## Your goal
The response should consist of the data below, copied exactly, with no pictures in it.

## Given data
_____
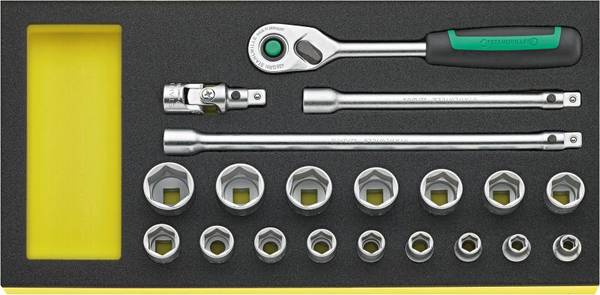 Stahlwille TCS 3/8 ZOLL 456/16/4 MF QR Kit di chiavi a bussola    96830371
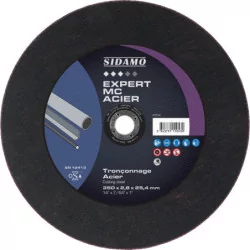 Disque à tronçonner expert mc acier diam 350 x 3.0 x 254 mm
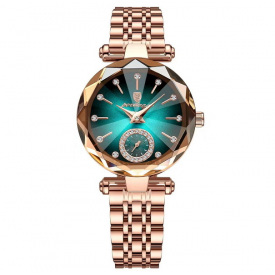 Наручний годинник жіночий Poedagar Lime Золотий (3026)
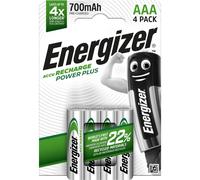 4 Piles Rechargeables AAA / HR03 700mAh Energizer Power Plus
_____
## Problem solution
 Stahlwille TCS 3/8 ZOLL 456/16/4 MF QR Kit di chiavi a bussola    96830371
 Disque à tronçonner expert mc acier diam 350 x 3.0 x 254 mm
 Наручний годинник жіночий Poedagar Lime Золотий (3026)
 4 Piles Rechargeables AAA / HR03 700mAh Energizer Power Plus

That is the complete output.